It turns out that there is a connection between Thanksgiving celebration and a notorious lamb—but it’s historical rather than culinary.
The early history includes tale of one uncanny happening that befell the Pilgrims when they went ashore in in the spring of 1621. They had reached the New World the previous November because of a delayed departure, and the early onset of a harsher winter than expected had given them no chance to establish their settlement. They spent that long, miserable winter in the cramped confines of the tiny Mayflower. Illness and near-starvation followed…
By the time spring arrived, nearly half of the settlers and crew had perished. It was shortly afterward that a native stepped out of the forest and the uncanny happening ensued. Rather than fleeing, he raised his hand and greeted them.

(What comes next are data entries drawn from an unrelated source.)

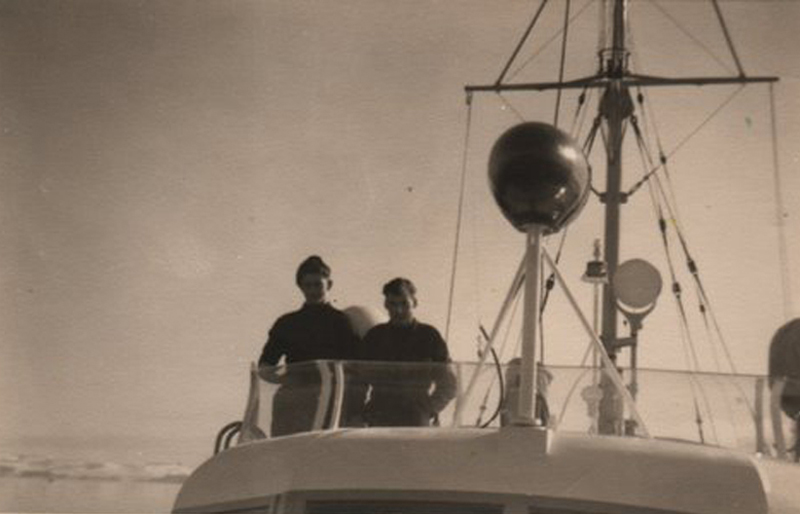 Frank and Dave Skinner on 2745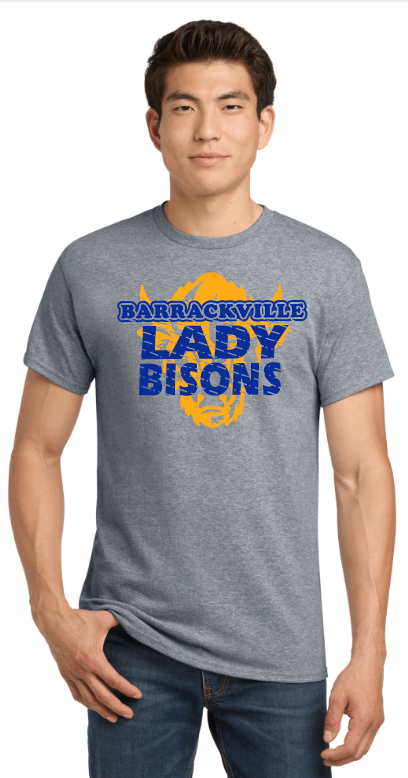 Barrackville Lady Bisons Shirt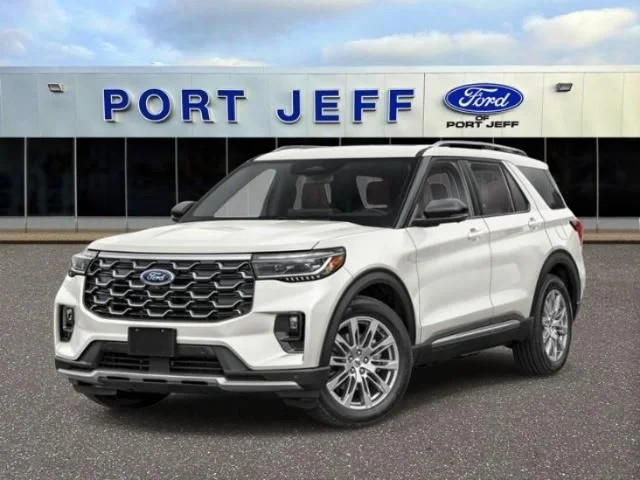 2026 Ford Explorer Platinum™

He may not have said, “What up, bro?”—but it’s certain that this must have been low on the list of anything the astonished Pilgrims could have expected. Later, the famous native Squanto showed up to explain in detail. He had been kidnapped by slavers years before, taken to Europe, escaped, and eventually returned, where he had shared his adventures (and the odd language of London).
It turned out to be the beginning of a beautiful relationship. Squanto instructed the settlers in how to grow corn (which probably saved their lives). At any rate, to the pious Pilgrims, it’s small wonder that by the time of the first Thanksgiving celebration, what had at first seemed “a hideous and desolate wilderness” had been transformed into bounteous proof of “the loving God” they had traveled so far to worship in peace.
Today’s family Thanksgiving celebration may now include football (and we now substitute turkey for the eagle and swan that prevailed back then), but the core of Thanksgiving—gratitude—remains. The connection with the lamb happened centuries later.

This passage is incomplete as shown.